Now that we are finally seeing a few signs of spring, such as our all green St. Patrick’s Day lunch, it is hard to believe that just a few short weeks ago I was outdoors trying to chip the three-inch layer of ice that made our sidewalk and all areas around it a treacherous sheet of ice. It was so cold that salt only created a slightly melted layer on top—making it all the easier to slip. But by now, that too seems a distant past. These kinds of mishaps can occur any time with an older facility, but in the overall scheme of things they are a small price to pay for the privilege secured for the Society by early members to have such a treasure as its National Center.
As a result of a Thursday night public program we had last fall, “A Dialogue and Discussion of Faith,” we have developed a cooperative relationship with an Interfaith Peace Prayers group, so that on occasional Friday evenings, when our auditorium is available, they may meet here at Olcott. These gatherings, led by Mazher F. Ahmed, a gentle Islamic woman who has dedicated herself to being a peaceful force in the community, bring new and interested people through our doors, and contribute to the spiritual energy of peace that we try to foster here.

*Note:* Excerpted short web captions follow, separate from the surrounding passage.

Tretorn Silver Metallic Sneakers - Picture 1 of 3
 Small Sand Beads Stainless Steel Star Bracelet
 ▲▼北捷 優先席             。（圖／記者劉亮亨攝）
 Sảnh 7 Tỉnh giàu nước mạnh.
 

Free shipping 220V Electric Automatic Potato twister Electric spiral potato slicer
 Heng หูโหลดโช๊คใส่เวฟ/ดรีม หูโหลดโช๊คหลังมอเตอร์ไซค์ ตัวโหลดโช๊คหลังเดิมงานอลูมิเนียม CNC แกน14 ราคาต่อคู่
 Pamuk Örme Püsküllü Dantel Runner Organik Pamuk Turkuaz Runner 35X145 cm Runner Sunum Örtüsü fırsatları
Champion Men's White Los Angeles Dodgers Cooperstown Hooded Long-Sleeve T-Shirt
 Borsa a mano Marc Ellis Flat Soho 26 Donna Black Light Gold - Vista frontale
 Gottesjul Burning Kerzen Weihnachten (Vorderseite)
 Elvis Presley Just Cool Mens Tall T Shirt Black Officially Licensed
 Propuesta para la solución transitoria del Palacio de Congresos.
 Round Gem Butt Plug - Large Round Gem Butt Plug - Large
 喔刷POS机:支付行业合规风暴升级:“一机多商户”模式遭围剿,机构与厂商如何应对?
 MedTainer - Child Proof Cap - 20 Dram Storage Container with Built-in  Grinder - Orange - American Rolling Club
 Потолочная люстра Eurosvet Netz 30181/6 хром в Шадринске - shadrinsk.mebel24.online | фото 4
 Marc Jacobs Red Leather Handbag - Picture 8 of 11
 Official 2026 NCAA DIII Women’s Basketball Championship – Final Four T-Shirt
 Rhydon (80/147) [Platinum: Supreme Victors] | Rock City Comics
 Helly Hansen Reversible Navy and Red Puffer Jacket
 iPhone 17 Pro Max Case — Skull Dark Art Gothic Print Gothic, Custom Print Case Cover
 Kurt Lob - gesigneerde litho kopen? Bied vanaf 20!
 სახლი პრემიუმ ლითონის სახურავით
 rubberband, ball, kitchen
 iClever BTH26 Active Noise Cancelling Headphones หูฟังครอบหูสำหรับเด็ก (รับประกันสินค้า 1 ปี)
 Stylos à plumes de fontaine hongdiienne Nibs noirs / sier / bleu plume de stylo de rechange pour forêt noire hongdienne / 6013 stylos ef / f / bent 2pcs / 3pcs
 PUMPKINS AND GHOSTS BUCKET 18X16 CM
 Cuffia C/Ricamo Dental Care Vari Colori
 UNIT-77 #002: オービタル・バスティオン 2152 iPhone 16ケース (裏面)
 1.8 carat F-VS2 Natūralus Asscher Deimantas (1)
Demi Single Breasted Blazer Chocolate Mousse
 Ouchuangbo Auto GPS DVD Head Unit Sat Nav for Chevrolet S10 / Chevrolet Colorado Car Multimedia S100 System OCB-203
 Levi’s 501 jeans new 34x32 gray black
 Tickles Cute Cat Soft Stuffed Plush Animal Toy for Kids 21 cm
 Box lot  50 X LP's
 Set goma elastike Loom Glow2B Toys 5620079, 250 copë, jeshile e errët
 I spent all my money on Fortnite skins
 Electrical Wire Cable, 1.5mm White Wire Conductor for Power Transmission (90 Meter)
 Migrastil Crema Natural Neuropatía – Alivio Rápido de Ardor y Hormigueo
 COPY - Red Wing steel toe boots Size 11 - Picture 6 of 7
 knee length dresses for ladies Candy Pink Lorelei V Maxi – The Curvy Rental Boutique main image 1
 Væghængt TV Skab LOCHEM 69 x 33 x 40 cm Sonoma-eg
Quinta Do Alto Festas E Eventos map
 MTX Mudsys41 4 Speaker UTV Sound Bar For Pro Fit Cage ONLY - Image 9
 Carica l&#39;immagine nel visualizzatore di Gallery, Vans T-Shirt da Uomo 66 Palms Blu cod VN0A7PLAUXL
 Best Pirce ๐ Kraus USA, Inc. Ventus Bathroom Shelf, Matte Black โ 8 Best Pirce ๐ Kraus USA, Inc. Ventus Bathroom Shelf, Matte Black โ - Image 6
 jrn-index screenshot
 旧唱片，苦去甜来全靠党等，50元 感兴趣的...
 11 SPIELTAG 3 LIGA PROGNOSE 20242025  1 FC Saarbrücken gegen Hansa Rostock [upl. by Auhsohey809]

David Bland and several of our staff are getting geared up for Social Action as Spiritual Practice, our Southeast Regional Conference to be held in Atlanta, Georgia, November 9-11. These regional conferences are proving to be beneficial in generating new members as well as strengthening the groups in the geographic proximity of the conference. If you have local members who would like to be involved or think this kind of event would work well in your area, I would be glad to hear from you. Eventually, we hope to hold the conferences in all the major areas of the country.
With barely a month’s notice we were able to pull together details and publicity to host a program with Marilyn Youngbird, a Native American healer, speaking on building peace within that it might manifest in the outer world. Marilyn was a featured presenter at our Mid-Atlantic Regional Conference last year, and our effort on such short notice was experimental to see if we could mobilize quickly to take advantage of her being in the area. The staff supper for her, as well as the presentation that followed, were successful and provided the opportunity for some of our local people to experience Marilyn’s beautiful nature and talent for weaving her life stories in a way that inspired one to work for inner and outer peace.
Toward the end of April the Theosophical Publishing House had another “CD Stuffing Party” where staff and volunteers all worked together in the warehouse inserting the companion audio CD into the back of a newly released book, Magical Christianity: The Power of Symbols for Spiritual Renewal by Coleston Brown, which is due to be released in June. In addition to a new chapter on the Divine Feminine, this revised edition also includes an experiential meditation at the end of each chapter and a CD of guided meditations to bring readers more deeply into the transformative power of Christian symbolism.
April concluded with a trip to Rio Rancho and Santa Fe, New Mexico, two new study centers in their fledgling stage. The Rio Rancho group held a special meeting in order to take advantage of the timing. Tim Donovan, the secretary of the group, receives supportive encouragement from Fr. Milton Shaw who graciously allows the group to meet in the Our Lady Queen of Angels Liberal Catholic Church. Their large meeting hall with good parking availability makes for a pleasant venue. The program generated enthusiasm for the group and resulted in brisk book sales.
In Santa Fe, I attended a planning board meeting and gave a presentation in a public meeting space at the Vitamin Cottage. I also was a guest at the local community college radio station, KSFR, where I was interviewed by Rev. Phil on his radio talk show “Words of the Prophet.” The Santa Fe group discovered that it was my birthday and so treated me to a brief tour of the Indian Pueblo Cultural Center and a little birthday dinner gathering at Hispano Hacienda, an historic Spanish hacienda turned restaurant and gift shop, in Chimayo. The special pleasure of visiting with the prioress of a Carmelite community in Santa Fe rounded out the visit. With never a dull moment, I was also able to use my airport waiting time to have a pleasant in-depth meeting with renowned violinist, Carmelo de los Santos, a third generation Theosophist from Brazil, who now resides in New Mexico. Carmelo was returning from a business trip to Salt Lake City.
Now, a few days later, having recovered from my late night return flight, I join a number of our members in anticipation and preparations for our upcoming trip to Tibet. My next diary will provide some glimpses of our Asian adventure.